Şehirler, binalar, araçlar bedensel engelli vatandaşların hayatını kolaylaştıracak şekilde düzenlenmeye çalışılıyor. Uyuşturucu, alkol gibi bağımlılıklar için tedavi ve rehabilitasyon merkezleri açılıyor, ciddi projeler hazırlanıyor.

Ancak her şeyi madde olarak gören modernist zihniyet insanın ruhunu ve aslında bedenini dahi hiç önemsemiyor. Sebebe inen değil, sonucu manipüle eden ve ticarete çeviren bir mantıkla işliyor. Yani sadece birkaç rampa, iki özel araç gösterip ara sıra reklam filmi çekmekle her zaman yaptığı gibi zihinleri uyutuyor, ticaret amaçlı rehabilitasyon ve hizmet merkezleri çoğalıyor.

Bu sebeple çareyi modern yaklaşımlarla bulmak mümkün değildir.

Kalpleri bağımlılıktan kurtaracak, ruhların engelini kaldıracak, diriltecek olan ancak zikirdir. Zira “Kalpler ancak Allah'ı anmakla tatmin olur.” (Rad 28)

Bu sebeple "Onlar ayaktayken, otururken ve yanları üzerine yatarken Allah'ı anarlar..." (Ali İmran 191) ayetinde 7/24 esasına göre her halde Allah'ı zikretmekten bahsedilmiştir. Ayrıca hiçbir ibadet için olmadığı halde, yani çokça namaz kılın, çokça oruç tutun gibi bir ayet olmadığı halde “Ey iman edenler! Allah'ı çokça zikredin.” (Ahzap 41) ayetinde çok zikretmemiz emredilmiştir. Çünkü 7/24 maruz kaldığımız bağımlılıklardan ancak 7/24 zikir haliyle arınabiliriz.

Tedaviyi başarabilmek için öncelikle kalplerin, hasta olduğuna inandırılıp, tedaviye razı etmek gerektiğini de unutmayalım. Öyle ki İmam-ı Rabbani'nin dediği gibi “O kadar hastasın ki hasta olduğunu da bilmiyorsun.” hali yaygındır.

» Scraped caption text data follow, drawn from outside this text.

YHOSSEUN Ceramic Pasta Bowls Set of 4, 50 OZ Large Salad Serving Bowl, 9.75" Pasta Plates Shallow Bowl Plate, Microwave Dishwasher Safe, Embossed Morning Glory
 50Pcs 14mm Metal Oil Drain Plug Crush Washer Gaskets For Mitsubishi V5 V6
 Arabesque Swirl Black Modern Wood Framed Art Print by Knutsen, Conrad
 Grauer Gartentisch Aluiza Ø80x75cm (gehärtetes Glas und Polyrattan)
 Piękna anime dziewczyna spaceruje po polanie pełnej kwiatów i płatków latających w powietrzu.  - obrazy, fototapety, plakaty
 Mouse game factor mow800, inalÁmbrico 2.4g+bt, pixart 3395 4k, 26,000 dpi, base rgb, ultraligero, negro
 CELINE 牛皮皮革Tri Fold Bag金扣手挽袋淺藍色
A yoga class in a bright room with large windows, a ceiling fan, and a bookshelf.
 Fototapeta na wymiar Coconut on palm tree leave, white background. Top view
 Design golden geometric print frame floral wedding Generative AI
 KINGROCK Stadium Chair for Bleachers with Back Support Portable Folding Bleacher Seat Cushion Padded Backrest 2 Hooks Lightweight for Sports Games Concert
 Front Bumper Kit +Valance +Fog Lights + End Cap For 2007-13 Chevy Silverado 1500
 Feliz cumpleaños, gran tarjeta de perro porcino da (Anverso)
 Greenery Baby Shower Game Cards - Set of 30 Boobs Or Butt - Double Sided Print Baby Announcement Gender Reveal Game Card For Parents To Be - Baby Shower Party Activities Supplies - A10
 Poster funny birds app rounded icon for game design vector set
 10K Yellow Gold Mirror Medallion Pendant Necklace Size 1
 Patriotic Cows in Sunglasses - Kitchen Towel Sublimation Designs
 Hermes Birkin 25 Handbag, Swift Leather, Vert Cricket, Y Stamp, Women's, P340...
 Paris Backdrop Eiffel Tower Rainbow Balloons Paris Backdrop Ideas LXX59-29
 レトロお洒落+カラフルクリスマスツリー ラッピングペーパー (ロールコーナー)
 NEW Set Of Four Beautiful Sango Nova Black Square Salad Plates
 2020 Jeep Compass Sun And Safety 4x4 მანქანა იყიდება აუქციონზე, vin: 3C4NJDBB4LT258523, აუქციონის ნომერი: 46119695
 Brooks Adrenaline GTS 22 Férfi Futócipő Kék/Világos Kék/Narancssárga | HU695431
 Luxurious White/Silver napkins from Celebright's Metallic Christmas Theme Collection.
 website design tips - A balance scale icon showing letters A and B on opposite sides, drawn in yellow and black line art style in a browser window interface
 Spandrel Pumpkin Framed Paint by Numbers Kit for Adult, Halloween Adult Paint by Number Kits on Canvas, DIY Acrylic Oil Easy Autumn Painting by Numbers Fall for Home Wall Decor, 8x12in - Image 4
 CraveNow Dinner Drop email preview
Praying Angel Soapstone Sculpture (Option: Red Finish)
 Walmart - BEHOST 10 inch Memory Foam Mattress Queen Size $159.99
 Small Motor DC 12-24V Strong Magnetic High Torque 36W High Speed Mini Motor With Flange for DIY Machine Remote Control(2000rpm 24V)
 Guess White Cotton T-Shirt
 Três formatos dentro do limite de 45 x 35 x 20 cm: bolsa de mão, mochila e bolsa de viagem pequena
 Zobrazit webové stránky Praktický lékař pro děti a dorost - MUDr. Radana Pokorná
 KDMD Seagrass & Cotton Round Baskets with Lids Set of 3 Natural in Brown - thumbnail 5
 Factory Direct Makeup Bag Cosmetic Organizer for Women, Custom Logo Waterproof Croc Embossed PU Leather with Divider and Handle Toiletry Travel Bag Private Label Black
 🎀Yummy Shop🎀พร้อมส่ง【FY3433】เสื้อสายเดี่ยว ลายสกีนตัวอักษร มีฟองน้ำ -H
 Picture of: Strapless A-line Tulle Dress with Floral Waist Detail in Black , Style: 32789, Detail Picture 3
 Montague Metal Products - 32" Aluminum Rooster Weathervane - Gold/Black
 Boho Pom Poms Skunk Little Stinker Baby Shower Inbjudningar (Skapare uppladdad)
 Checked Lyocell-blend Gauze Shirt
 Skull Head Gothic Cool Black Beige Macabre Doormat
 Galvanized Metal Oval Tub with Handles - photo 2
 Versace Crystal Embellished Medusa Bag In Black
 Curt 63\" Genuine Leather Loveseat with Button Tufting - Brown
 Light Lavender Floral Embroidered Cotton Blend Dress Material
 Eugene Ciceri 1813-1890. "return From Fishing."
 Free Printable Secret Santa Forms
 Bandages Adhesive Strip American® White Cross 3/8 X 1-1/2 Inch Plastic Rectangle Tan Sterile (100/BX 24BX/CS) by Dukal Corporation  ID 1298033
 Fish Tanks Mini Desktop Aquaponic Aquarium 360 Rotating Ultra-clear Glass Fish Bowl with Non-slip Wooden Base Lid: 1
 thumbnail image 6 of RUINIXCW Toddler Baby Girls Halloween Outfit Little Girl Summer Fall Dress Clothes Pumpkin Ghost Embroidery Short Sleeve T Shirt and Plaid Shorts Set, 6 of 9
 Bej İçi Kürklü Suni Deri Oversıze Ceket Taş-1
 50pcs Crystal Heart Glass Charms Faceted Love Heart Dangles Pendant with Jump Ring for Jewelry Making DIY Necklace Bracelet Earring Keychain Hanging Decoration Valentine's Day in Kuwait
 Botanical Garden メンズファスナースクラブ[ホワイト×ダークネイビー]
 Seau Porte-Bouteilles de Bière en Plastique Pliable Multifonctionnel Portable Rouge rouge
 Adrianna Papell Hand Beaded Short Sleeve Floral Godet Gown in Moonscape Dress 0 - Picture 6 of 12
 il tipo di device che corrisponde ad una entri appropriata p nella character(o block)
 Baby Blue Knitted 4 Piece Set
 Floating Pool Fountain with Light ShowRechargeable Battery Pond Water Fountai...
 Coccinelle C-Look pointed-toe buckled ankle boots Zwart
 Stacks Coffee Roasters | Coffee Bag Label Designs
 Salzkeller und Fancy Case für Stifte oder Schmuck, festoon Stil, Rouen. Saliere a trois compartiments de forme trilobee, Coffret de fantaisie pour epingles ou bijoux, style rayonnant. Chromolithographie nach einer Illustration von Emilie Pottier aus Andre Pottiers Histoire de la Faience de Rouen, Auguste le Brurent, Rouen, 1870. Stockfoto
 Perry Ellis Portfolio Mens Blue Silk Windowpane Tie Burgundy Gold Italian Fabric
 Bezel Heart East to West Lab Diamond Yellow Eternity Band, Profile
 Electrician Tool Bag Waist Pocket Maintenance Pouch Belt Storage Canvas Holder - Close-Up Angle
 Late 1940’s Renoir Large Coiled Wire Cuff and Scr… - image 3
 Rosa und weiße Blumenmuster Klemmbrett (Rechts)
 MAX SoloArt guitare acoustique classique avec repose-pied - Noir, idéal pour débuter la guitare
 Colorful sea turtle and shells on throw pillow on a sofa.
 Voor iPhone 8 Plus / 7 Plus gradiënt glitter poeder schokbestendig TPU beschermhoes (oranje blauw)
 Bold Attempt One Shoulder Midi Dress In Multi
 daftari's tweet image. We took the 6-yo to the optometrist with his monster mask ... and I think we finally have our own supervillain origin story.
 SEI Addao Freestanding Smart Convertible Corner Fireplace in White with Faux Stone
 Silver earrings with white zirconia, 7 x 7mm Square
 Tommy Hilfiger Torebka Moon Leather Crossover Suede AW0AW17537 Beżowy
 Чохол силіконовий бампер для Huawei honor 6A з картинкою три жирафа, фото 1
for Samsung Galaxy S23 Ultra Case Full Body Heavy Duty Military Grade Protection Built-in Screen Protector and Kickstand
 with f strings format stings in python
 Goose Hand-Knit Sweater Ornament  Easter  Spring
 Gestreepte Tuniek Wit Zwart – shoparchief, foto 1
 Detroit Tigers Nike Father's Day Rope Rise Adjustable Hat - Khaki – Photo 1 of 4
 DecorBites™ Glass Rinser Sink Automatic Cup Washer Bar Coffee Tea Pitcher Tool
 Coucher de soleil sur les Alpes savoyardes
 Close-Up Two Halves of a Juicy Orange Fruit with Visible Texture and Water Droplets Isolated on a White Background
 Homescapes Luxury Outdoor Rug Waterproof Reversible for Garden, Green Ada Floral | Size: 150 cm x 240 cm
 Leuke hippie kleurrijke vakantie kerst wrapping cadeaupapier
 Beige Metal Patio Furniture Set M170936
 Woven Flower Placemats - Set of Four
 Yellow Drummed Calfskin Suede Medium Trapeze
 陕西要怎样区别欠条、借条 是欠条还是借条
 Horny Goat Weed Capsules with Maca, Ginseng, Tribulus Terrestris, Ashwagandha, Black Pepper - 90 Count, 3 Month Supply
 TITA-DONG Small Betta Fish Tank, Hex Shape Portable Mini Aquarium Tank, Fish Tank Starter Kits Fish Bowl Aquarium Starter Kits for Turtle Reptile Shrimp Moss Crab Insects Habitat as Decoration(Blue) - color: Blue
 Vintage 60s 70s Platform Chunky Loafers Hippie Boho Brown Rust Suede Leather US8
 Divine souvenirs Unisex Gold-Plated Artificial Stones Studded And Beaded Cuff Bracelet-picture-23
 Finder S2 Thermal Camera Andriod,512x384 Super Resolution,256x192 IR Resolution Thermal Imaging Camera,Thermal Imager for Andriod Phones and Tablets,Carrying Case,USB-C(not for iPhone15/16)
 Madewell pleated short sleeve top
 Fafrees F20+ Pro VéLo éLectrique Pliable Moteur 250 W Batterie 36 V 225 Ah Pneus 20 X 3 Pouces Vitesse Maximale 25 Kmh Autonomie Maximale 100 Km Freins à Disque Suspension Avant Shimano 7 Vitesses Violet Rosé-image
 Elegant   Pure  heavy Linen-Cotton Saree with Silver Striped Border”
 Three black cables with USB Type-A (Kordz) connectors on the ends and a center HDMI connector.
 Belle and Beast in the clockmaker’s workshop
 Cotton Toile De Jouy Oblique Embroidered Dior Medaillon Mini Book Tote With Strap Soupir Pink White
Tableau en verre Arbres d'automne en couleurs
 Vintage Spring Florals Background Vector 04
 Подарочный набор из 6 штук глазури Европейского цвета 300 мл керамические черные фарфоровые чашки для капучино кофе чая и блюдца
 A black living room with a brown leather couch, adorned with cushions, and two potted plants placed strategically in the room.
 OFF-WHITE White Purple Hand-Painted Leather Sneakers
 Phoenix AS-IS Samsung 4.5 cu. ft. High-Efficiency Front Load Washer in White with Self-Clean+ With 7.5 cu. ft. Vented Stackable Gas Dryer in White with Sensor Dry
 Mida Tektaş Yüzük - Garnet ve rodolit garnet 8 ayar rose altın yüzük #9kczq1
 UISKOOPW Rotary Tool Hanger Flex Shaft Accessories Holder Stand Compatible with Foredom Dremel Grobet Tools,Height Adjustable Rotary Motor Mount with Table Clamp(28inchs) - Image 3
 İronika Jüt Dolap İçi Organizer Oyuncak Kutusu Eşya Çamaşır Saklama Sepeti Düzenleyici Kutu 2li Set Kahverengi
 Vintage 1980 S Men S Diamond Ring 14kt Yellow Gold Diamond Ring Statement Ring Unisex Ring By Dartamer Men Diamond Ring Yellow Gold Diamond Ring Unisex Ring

Sanırım şehirlerimiz ruhsal engellilerin yaşamasına uygun şekilde Allah'ı ve ahireti hatırlatır bir planlama ile planlanmadığı, kalpleri tedavi edecek manevi doktorların seferber olduğu manevi merkezler mahallere yayılmadığı sürece, engelleri aşmak ve bağımlılıklardan kurtulmak zor gözüküyor.

Allah ecdadımız gibi tekkelerin mahalleleri süslediği şehirleri ve zikirlerin kalpleri aydınlattığı nesilleri görebilmeyi nasip etsin. Âmin.